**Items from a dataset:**
______

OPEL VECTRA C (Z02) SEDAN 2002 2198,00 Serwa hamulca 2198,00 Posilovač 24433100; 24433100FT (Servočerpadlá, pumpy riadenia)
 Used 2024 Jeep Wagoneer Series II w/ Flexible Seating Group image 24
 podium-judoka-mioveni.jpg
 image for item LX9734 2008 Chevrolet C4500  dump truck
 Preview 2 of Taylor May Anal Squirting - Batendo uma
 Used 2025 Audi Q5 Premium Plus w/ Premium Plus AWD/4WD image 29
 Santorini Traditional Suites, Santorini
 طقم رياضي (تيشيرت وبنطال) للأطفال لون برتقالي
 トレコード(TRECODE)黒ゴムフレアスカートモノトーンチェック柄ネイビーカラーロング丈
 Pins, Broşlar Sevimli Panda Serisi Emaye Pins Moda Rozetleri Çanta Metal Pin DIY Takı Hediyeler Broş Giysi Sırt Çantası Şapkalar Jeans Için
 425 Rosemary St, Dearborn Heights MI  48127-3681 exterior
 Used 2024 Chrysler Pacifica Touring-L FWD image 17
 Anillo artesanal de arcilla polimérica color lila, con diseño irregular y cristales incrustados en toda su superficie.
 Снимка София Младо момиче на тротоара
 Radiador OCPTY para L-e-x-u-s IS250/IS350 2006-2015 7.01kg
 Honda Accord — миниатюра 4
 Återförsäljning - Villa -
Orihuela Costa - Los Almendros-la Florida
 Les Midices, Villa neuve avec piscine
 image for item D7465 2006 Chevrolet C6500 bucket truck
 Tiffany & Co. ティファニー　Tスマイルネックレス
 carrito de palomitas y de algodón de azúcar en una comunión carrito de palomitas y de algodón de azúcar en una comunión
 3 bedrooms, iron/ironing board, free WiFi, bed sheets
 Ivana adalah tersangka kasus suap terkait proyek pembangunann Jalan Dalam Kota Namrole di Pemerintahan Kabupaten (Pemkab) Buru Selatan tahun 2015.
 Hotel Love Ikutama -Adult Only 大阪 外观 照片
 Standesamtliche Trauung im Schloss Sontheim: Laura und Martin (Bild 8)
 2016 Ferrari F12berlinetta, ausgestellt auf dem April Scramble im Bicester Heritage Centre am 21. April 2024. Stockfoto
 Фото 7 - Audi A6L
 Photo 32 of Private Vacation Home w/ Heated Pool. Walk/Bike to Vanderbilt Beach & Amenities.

______

**Work item:** State the number of lines in the records above that contain the string "image", and give nothing else.

**Answer box:** 5